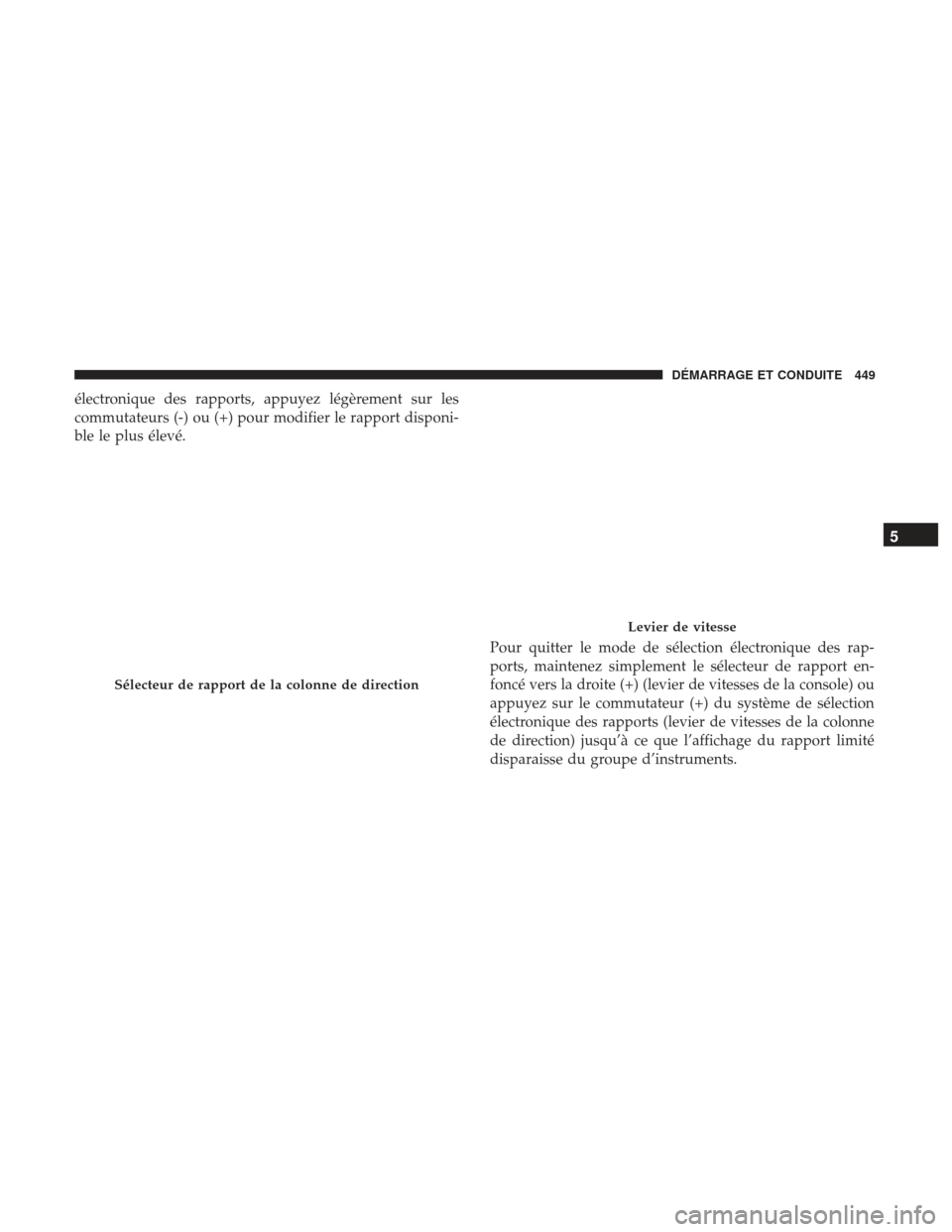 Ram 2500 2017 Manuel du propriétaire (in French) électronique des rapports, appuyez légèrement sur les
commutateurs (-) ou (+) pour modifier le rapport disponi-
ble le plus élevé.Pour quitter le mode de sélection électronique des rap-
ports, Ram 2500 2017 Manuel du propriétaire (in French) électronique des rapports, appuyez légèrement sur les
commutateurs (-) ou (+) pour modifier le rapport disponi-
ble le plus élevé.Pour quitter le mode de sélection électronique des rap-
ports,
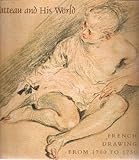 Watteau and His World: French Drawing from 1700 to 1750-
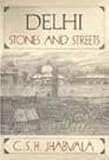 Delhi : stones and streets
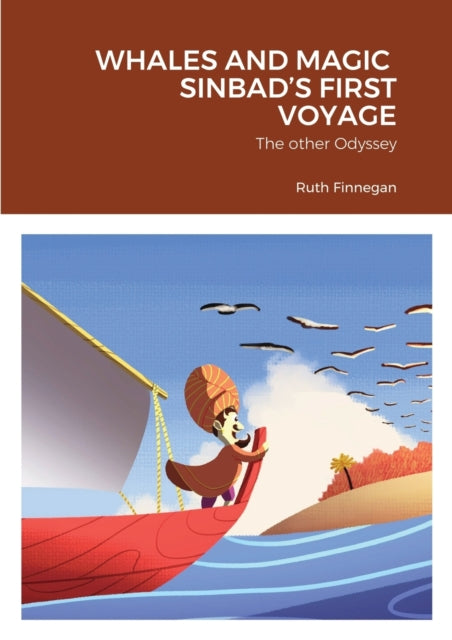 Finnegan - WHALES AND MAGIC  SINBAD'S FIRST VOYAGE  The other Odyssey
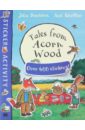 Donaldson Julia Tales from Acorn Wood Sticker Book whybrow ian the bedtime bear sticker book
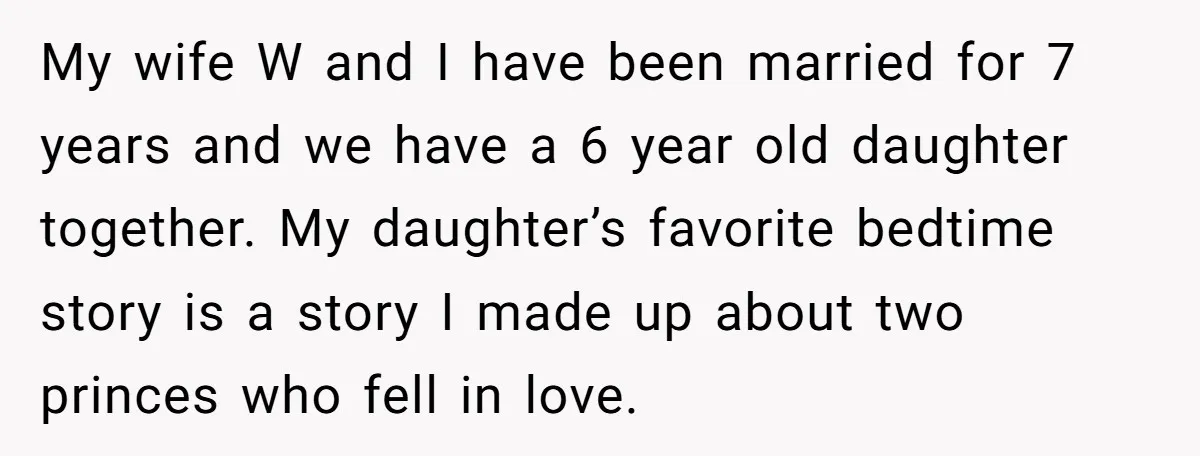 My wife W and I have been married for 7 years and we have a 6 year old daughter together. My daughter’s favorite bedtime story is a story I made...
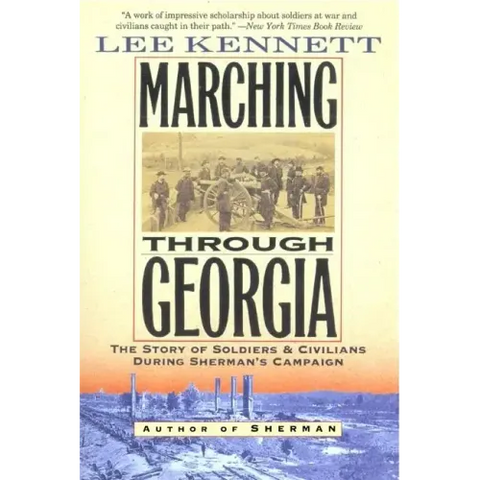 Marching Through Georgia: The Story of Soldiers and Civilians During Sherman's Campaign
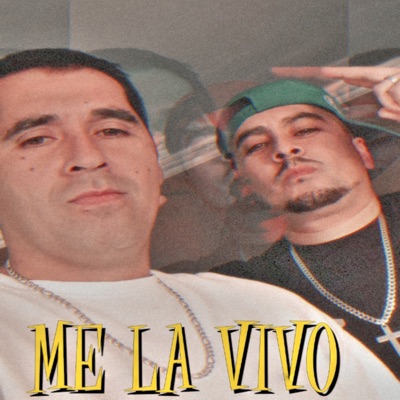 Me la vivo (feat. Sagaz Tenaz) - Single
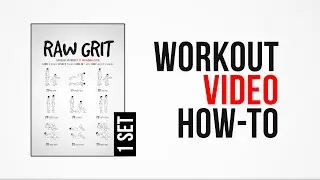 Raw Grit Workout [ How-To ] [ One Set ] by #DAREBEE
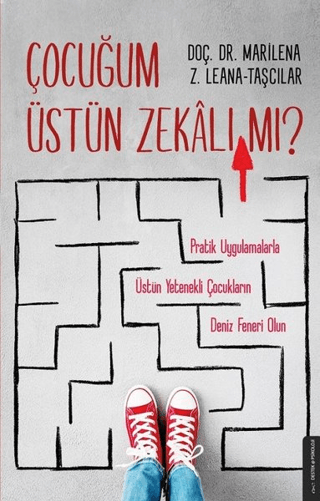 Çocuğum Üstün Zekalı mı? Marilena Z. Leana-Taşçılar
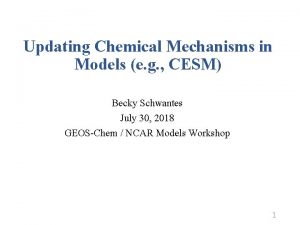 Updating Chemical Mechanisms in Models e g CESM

--

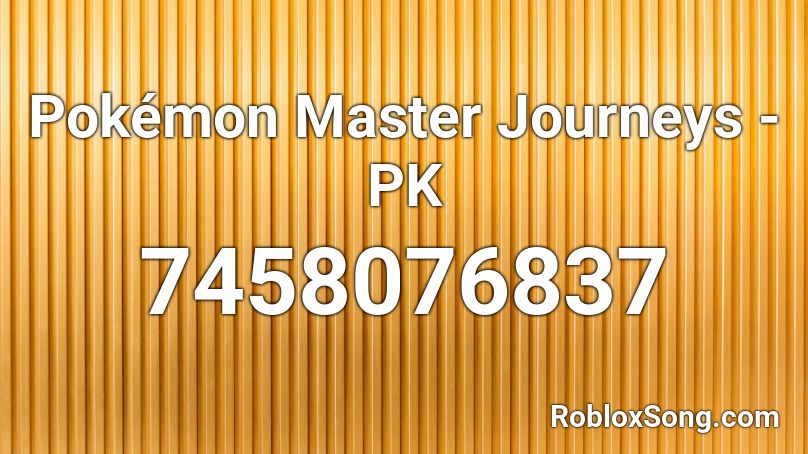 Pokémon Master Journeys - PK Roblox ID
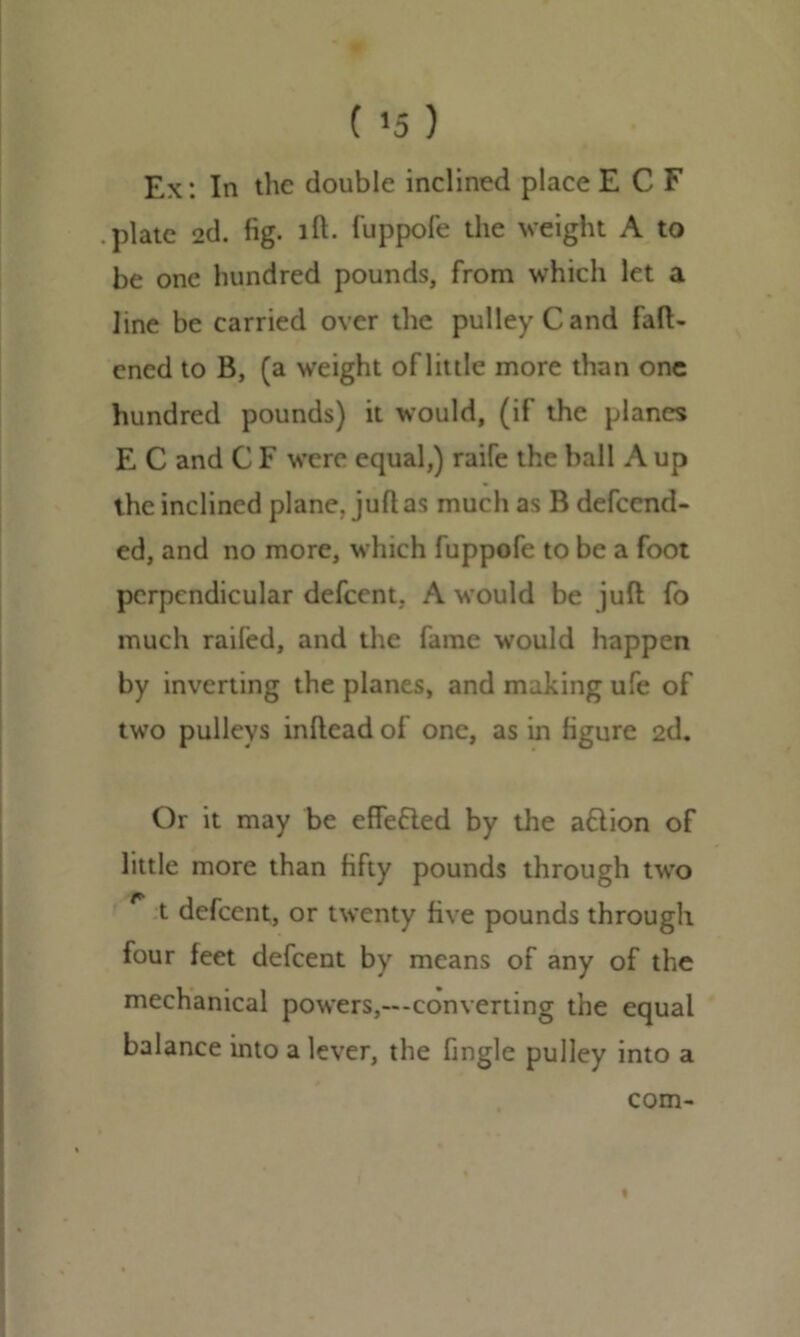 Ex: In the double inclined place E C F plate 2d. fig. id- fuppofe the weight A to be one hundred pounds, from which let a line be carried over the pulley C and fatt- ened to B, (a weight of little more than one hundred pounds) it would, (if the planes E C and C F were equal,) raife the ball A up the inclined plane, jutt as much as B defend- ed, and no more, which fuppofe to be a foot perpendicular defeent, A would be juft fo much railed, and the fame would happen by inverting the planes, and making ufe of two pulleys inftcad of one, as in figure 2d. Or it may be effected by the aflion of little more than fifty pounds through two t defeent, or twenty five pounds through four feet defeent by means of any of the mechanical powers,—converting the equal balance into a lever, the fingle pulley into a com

* **PROMPT**:
Starting at the line containing "My wife W and" and stopping at the line containing "Marching Through Georgia: The", output every line above exactly, both ends included, with pictures omitted.

* **YOUR SOLUTION**:
 My wife W and I have been married for 7 years and we have a 6 year old daughter together. My daughter’s favorite bedtime story is a story I made...
 Marching Through Georgia: The Story of Soldiers and Civilians During Sherman's Campaign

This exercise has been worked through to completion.